Signed-off-by: mjamiv <michael.commack@gmail.com>
@copy-pr-bot

copy-pr-bot Bot commented Jun 27, 2026

Copy link
Copy Markdown

This pull request requires additional validation before any workflows can run on NVIDIA's runners.

Pull request vetters can view their responsibilities here.

Contributors can view more details about this message here.

@austin-shih

Copy link
Copy Markdown

Thanks for this — the caller-owned-PVC-by-claim_name + subPath model is exactly what disposable-pod / durable-per-user-storage deployments need. A few test-scope observations from the perspective of someone planning to run this pattern:

  1. Positive validation coverage. The render test exercises a writable PVC, but it goes through sandbox_to_k8s_spec, which doesn't run validate(). The from_template tests are all rejection cases, so there's no happy-path assertion that a writable config is actually accepted. A test that from_template returns Ok for a read-write PVC with several RW subPath mounts (the real per-user shape: workspace, memory, sessions) would lock that path in.

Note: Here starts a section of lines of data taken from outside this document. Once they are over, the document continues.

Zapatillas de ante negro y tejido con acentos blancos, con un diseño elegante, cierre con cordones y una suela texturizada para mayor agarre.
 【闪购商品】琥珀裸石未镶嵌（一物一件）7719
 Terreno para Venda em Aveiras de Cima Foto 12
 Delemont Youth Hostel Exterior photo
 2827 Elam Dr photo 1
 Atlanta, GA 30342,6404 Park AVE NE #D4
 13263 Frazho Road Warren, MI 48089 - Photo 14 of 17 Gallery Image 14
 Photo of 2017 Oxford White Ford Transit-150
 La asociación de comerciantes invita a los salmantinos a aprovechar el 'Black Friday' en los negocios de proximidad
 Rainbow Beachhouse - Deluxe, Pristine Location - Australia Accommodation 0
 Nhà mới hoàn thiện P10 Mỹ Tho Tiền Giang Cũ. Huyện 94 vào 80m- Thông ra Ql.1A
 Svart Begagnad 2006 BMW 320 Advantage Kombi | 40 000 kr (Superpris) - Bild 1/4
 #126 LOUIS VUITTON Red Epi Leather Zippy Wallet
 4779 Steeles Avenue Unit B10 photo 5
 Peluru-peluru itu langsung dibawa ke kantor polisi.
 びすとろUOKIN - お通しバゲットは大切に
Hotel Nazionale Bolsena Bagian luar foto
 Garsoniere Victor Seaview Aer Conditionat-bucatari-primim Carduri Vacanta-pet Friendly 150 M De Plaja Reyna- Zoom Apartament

  2. Missing-PVC behavior is untested. When a referenced claim_name doesn't exist, behavior currently falls to the kubelet's FailedMount. Worth covering (ideally in e2e) so the failure surfaces clearly rather than as a stuck pod.

  3. E2E is where the core claims live. The unit tests prove the pod template renders; they can't prove that a pre-existing PVC actually mounts at the subPaths, that the agent can read/write, that the default /sandbox injection is correctly skipped, and — most importantly — that data persists across pod recreation against the same PVC. The PR notes e2e wasn't run; a k3d-based e2e (pre-create PVC → create sandbox with this driver_config → verify mounts + RW → recreate referencing the same PVC → data persists) would de-risk the durability story.

Happy to help validate — we're deploying this exact pattern and can share e2e findings.

Signed-off-by: mjamiv <michael.commack@gmail.com>
@mjamiv

mjamiv commented Jun 27, 2026

Copy link
Copy Markdown
Contributor Author

Thanks for the test-scope review. I added positive from_template validation coverage for a read-write PVC with multiple read-write sub_path mounts (workspace, memory, sessions) and also normalized the example names in the docs/tests to keep the contribution generic.

I agree the missing-PVC and durability claims need cluster-level coverage: kubelet FailedMount, actual subPath mount behavior, read/write checks, default /sandbox injection being skipped, and data surviving pod recreation all belong in k3d or Kubernetes e2e rather than unit tests.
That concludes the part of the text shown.